Note that, by default, even if we don’t specify the value to be replaced with, then it would replace it by NaN itself. Otherwise, if we want to replace the existing value with some value as per our needs, then that needs to be mentioned in the other parameter.
Once the above code is run, we get the following output. Notice how the values which were ‘Select’ earlier have been replaced with ‘NaN’ values.
A few real-life scenarios where the Pandas function can be used are as follows:
- A DataFrame with customer data, and you want to replace all customers ages less than 18 with the value “minor”.
- A dataframe having employee data. You want to highlight all employees who have been with the company for less than two years in red.

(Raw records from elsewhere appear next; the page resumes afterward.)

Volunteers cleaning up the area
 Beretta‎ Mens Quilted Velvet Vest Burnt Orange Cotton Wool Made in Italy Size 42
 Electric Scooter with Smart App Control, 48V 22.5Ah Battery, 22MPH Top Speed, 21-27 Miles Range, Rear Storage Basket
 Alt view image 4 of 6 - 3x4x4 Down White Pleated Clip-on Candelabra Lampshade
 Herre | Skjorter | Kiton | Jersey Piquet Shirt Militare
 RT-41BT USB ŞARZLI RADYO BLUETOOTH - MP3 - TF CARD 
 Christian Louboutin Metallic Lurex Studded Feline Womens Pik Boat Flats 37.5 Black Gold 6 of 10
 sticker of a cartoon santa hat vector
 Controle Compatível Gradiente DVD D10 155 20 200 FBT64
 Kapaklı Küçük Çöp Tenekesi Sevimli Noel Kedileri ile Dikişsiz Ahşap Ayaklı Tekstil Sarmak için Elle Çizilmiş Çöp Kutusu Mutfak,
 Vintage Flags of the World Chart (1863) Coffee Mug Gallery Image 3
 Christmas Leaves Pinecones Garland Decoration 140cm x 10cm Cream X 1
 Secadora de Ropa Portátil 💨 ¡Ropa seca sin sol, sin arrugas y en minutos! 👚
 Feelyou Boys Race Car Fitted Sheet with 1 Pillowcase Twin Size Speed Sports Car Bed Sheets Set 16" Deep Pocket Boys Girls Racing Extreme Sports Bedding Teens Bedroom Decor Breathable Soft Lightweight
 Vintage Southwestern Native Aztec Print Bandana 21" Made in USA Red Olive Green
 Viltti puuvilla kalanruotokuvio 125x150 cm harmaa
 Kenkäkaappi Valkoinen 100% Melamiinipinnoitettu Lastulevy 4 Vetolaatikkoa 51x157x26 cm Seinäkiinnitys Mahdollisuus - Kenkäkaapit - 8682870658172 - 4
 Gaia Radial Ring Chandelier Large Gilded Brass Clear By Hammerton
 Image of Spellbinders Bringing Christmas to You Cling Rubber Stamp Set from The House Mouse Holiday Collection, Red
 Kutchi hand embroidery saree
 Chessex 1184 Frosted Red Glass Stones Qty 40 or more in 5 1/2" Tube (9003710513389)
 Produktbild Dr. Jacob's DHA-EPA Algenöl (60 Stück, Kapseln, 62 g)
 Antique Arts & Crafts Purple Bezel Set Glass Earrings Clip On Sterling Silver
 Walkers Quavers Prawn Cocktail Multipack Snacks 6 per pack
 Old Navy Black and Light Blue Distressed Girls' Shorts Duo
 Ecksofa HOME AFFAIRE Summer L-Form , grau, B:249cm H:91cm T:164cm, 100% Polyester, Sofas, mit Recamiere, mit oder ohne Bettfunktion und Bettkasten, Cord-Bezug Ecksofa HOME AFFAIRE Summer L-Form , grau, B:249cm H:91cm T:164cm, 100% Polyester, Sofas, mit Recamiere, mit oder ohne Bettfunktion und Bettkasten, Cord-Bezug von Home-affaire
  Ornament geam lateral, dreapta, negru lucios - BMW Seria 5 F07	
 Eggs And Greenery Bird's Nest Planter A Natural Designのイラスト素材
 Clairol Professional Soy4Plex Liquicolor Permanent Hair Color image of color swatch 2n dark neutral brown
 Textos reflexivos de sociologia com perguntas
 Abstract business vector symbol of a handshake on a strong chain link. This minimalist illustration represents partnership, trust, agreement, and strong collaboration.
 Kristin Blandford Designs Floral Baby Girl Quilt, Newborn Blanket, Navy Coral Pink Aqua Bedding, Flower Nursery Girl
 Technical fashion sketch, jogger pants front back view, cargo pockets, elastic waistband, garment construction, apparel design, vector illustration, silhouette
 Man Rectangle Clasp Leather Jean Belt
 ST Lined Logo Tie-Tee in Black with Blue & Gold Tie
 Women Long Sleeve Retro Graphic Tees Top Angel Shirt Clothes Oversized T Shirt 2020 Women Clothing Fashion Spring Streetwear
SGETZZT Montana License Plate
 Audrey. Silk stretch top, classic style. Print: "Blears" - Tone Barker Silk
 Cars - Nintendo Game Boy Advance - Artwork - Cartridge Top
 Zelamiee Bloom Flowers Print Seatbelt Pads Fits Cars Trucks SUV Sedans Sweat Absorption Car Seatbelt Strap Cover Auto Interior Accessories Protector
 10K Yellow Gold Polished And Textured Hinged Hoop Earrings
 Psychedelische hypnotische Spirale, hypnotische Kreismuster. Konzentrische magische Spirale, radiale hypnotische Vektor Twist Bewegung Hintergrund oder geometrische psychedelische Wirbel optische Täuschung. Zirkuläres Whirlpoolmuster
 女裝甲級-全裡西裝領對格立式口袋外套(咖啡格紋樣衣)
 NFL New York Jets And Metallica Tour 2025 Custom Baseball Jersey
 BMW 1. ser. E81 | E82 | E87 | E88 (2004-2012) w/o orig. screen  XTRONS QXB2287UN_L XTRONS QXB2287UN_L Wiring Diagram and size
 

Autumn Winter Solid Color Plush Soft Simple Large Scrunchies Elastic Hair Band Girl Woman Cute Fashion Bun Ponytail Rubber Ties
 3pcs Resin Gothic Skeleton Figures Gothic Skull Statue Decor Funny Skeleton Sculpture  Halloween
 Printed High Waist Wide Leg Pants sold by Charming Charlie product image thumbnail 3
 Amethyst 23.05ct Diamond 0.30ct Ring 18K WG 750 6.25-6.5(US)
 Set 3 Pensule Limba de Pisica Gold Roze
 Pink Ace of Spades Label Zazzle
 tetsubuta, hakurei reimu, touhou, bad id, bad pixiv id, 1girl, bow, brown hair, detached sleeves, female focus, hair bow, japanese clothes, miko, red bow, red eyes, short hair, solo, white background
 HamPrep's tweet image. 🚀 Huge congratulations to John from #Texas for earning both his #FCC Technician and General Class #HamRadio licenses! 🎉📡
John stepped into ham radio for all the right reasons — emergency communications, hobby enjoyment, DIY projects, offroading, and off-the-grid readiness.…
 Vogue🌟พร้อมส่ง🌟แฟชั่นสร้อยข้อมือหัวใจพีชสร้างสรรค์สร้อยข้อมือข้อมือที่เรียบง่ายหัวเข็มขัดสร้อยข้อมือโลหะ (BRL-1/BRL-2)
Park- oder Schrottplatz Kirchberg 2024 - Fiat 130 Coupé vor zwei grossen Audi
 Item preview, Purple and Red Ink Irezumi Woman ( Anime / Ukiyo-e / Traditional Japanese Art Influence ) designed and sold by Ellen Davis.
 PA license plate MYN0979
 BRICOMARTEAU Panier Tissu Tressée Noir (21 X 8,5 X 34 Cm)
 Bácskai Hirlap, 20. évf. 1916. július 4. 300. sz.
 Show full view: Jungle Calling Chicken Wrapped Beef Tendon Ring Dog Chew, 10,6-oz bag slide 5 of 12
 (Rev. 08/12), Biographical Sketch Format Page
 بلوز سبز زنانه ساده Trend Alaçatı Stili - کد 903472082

- Analyzing sales data and want to identify all sales that are below the average sale amount.
Last but not least, let’s just quickly discuss the iat function. So let’s say that in the above Pandas function we replaced all occurrences of Select with NaN. But now, let’s say we wish to replace a particular occurrence of Select with some different value. So, here, comes the need for the iat
function.Let’s understand this with the same dataset.We’ll replace only a single occurrence(marked by the red box) of the Select value with NaN in the above dataset.
We’ll run the following code.
df.iat[3, 1] = ‘NaN’ # replacing the 3rd row, 1st column value by NaN df
The iat function is specific to the Pandas library in Python and is used to access a scalar value in a DataFrame or Series.
In this article, we learned about some of the Pandas functions used while working with Pandas to make our work easier and more efficient. These functions are some which save a lot of our time. These functions might not be as widely used as compared to other functions, but they should also be known to anyone, be it even a beginner.
- Recap of key takeaways: So in this article, we learned about the importance of preprocessing. How is it important to prepare the data for further analysis? There might be various other functions that might help preprocess the data, but the functions discussed are some that are not known much but can be very useful.
- Usefulness: The data on which we work is obtained from real-world scenarios, hence would contain missing values and would be dirty in most cases. Working with unprocessed or dirty data might bring inaccurate results, which can be dangerous in the long run when decisions are made based on that. Hence, preprocessing is important.
- We understood the functions with code snippets, which would better our understanding and be very useful to someone starting off in their data analysis journey.